Portugal’s silent rebellion against Salazar

A mural commemorating the Carnation Revolution on a street in Lisbon

A mural commemorating the Carnation Revolution on a street in Lisbon Oscar Vazquez

After falling into a coma due to a blow to the head, the dictator was deposed in 1968, but he did not know it: he believed that everything was as it was before

Revolution, yes, good, but what comes next, asked Ryszard Kapuscinski in Iran in the eighties. Dostoevsky would have answered a century ago that what comes before is important: «Revolutions do not bring rapid changes. Recognizing and confessing guilt, original sin, is still a little, very little: we need to get rid of them completely, and that doesn’t happen so quickly.” Changes must happen internally; the regime must fall from within.

Perhaps, without such reflection, everything would have been different in Portugal on this day 49 years ago, when at dawn on April 25 Radio Renasccença broadcasted Grandola, Vila Morena for the Movimento das Forças Armadas to prepare for a coup that would end Salazarism.

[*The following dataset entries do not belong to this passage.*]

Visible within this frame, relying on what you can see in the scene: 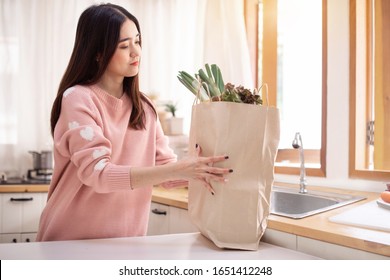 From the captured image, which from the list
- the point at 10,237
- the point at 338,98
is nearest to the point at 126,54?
the point at 338,98

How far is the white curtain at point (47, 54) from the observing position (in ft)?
7.57

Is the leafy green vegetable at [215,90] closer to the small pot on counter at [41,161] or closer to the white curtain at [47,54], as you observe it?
the white curtain at [47,54]

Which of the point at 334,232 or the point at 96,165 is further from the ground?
the point at 96,165

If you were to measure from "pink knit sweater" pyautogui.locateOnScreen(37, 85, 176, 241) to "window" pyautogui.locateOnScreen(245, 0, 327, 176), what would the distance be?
1236mm

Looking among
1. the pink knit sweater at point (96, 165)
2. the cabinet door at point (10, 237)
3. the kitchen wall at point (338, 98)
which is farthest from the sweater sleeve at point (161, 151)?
the cabinet door at point (10, 237)

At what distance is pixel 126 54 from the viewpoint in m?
1.00

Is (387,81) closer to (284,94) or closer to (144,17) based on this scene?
(284,94)

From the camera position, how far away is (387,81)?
1.59 meters

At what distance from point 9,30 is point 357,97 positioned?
223 cm

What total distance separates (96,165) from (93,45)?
14.7 inches

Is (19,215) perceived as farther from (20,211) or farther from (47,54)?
(47,54)

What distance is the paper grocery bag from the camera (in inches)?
31.0

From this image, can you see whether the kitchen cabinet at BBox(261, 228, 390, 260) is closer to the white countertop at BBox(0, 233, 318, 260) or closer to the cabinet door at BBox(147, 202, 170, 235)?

A story that travels around the world once a year. But to complete it, you have to go back a few years, to the end of the summer of 1968, when Antonio de Oliveira Salazar he took the first blow that would remove him from power. Literally. His regime was no longer what it had been; Undermined by internal divisions and the apparent senility of the dictator, everything was left in the hands of censorship and the International and State Defense Police (PIDE). Things accelerated in the most prosaic way, when the autocrat was about to receive his callista. In the office, he fell off his chair and hit his head, after which he spent several days with memory loss and other complications. On September 16, he was operated on for a blood clot in the brain and, with the dictator in a coma and all hope lost, on the 27th. President Américo Tomás invited Marcelo Caetano to power.

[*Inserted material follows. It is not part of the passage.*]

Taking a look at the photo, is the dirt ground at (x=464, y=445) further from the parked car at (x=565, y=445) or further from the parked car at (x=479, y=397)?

Until then, everything is within normal limits. What happened next is a figment of the imagination, which the Italian writer Marco Ferrari just had to document and order to get the surreal The incredible story of António Salazar, the dictator who died twice (The Debate), which looks like a spooky Shakespearean tragedy, but is real. Preamble in Portuguese Goodbye Lenin. Ferrari tells how, half recovered, Salazar returned to his residence to continue his work. On medical advice and fearing that he would not survive the displeasure of his relief, the Estado Novo leadership applied their best censorship skills to make the dictator believe he is still dictating. “Salazar himself, still partially paralyzed and allegedly severely impaired in speech and perception, is still unaware that he has been replaced as Prime Minister» reported the magazine Time in February 1969.

So every day, family members, friends, and even ministers went to his office, which he never left, to listen to orders and report on major issues. Senior retired officials, who were worried about the disqualification of Marcelo Caetano, came to cooperate in the farce. Also a now retired magazine editor the newspaper Every evening he returned to the newspaper offices to prepare a special edition, in a single copy, which was delivered the next morning to the dictator, as dilapidated as his empire. He will die in that lie on July 27, 1970.

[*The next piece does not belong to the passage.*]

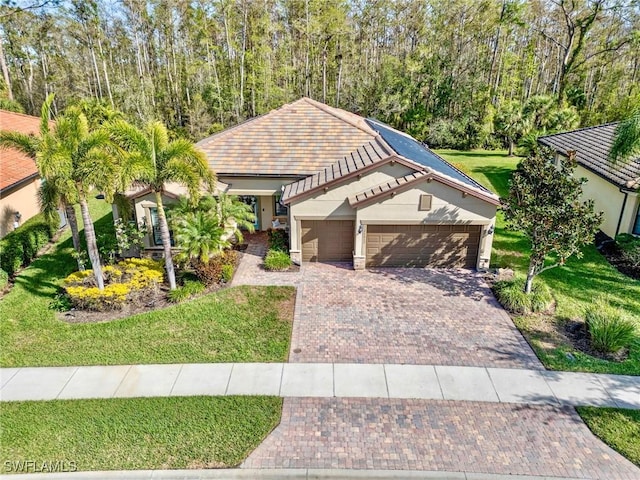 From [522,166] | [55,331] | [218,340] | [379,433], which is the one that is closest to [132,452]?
[218,340]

Often the fundamental misconception is fear, the assumption that something is not as it should be. And this farce would have been quite subversive if Caetano, after a brief attempt at openness, had not shown the same inability to adapt to the needs of Portuguese society as Salazar. What would it cost him, yes, the end of the dictatorship further April 25, 1974.

Source: La Vozde Galicia

Amelia

Amelia

I am Amelia James, a passionate journalist with a deep-rooted interest in current affairs. I have more than five years of experience in the media industry, working both as an author and editor for 24 Instant News. My main focus lies in international news, particularly regional conflicts and political issues around the world.